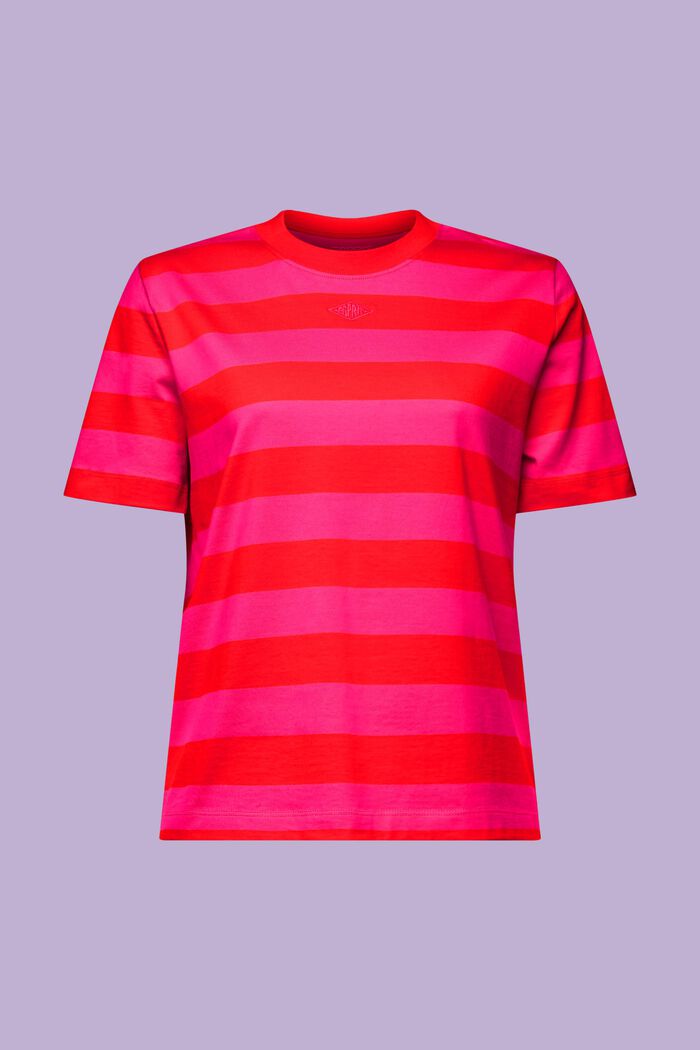Gestreept T-shirt met logoborduursel, RED, detail image number 5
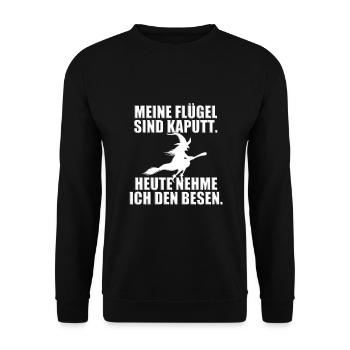 HEXE - HALLOWEEN - MEINE FLÜGEL SIND KAPUTT... - Unisex Pullover - Schwarz - Vorne - Alina (178cm) & Michal (187cm)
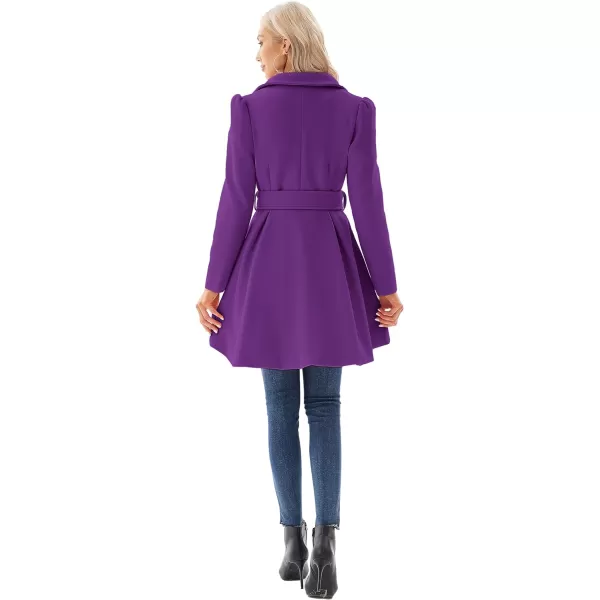 GRACE KARIN Womens Notch Lapel Long Puff Sleeve a Line Pea Coat with Self Tie BeltPurple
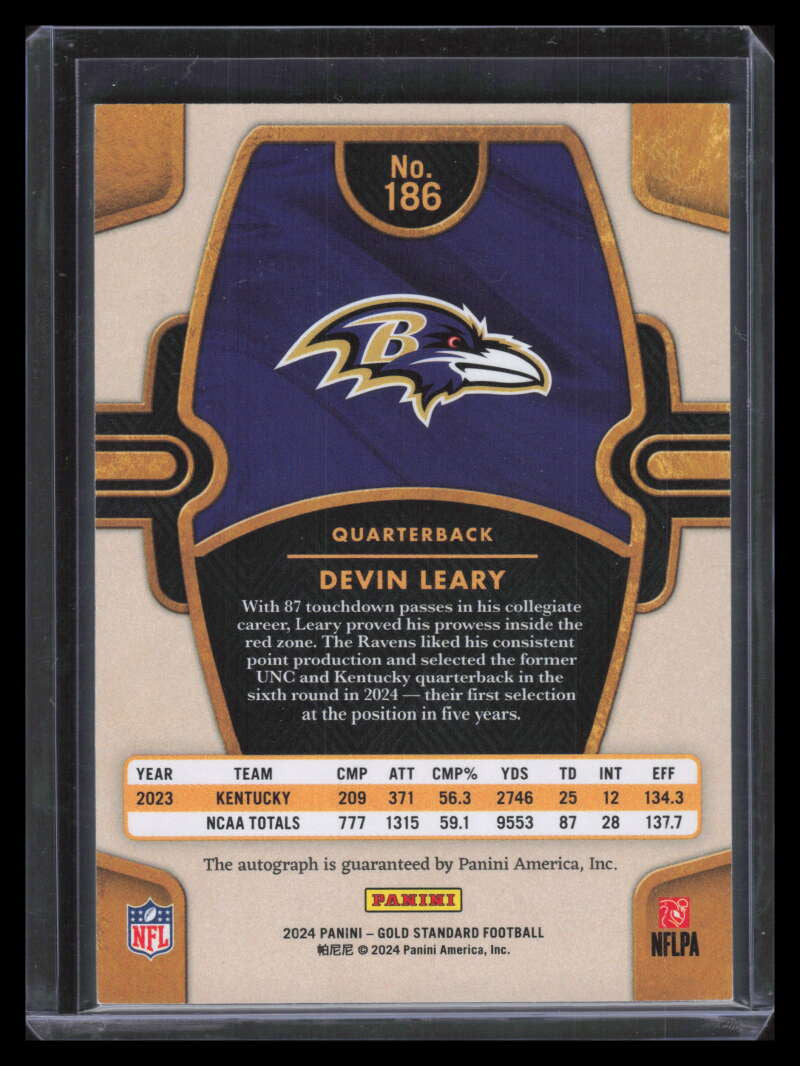 2024 Panini Gold Standard Autographs Sapphire 186 Devin Leary Rookie Auto 4/5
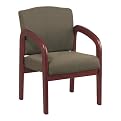 Cherry-Finish Wood Visitors Chair - Taupe
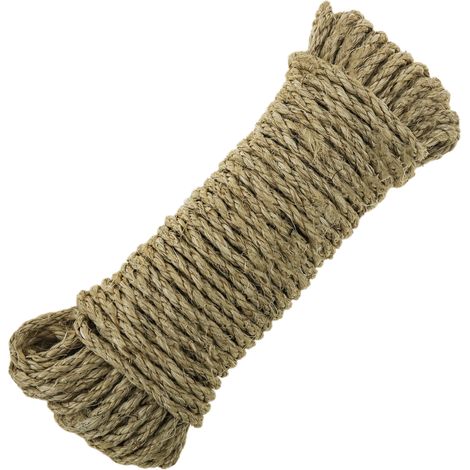 PrimeMatik - Corde torsadée en sisal 3 torons 10 m x 6 mm naturel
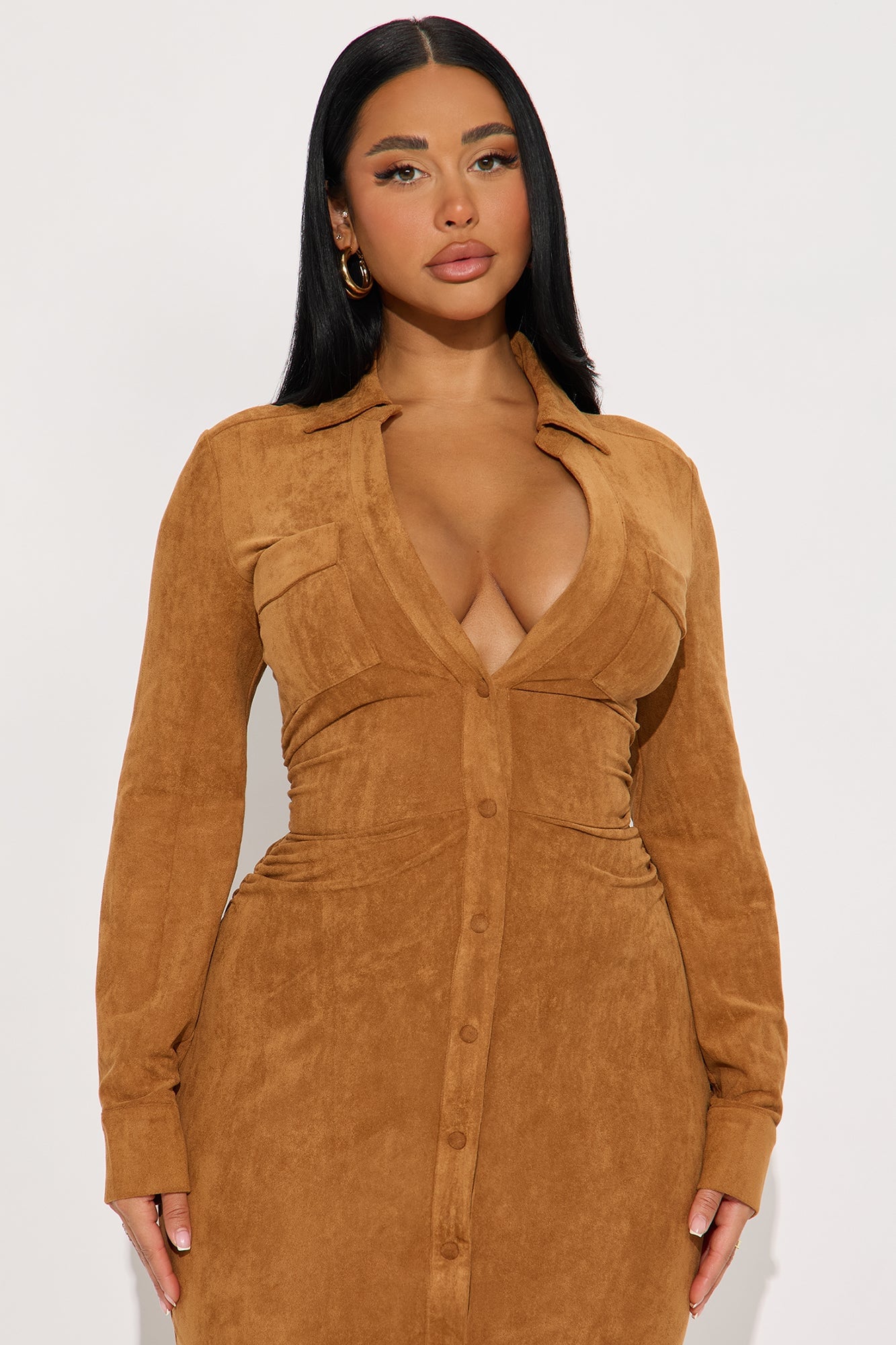 Noelle Suede Maxi Shirt Dress - Cognac image 5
*****
» **WHAT IS BEING ASKED**
No pictures belong in the output. Restate word for word only the lines from the one containing "Cherry-Finish Wood Visitors Chair - Taupe" to the end of the entries above.

» **THE ANSWER**
 Cherry-Finish Wood Visitors Chair - Taupe
 PrimeMatik - Corde torsadée en sisal 3 torons 10 m x 6 mm naturel
 Noelle Suede Maxi Shirt Dress - Cognac image 5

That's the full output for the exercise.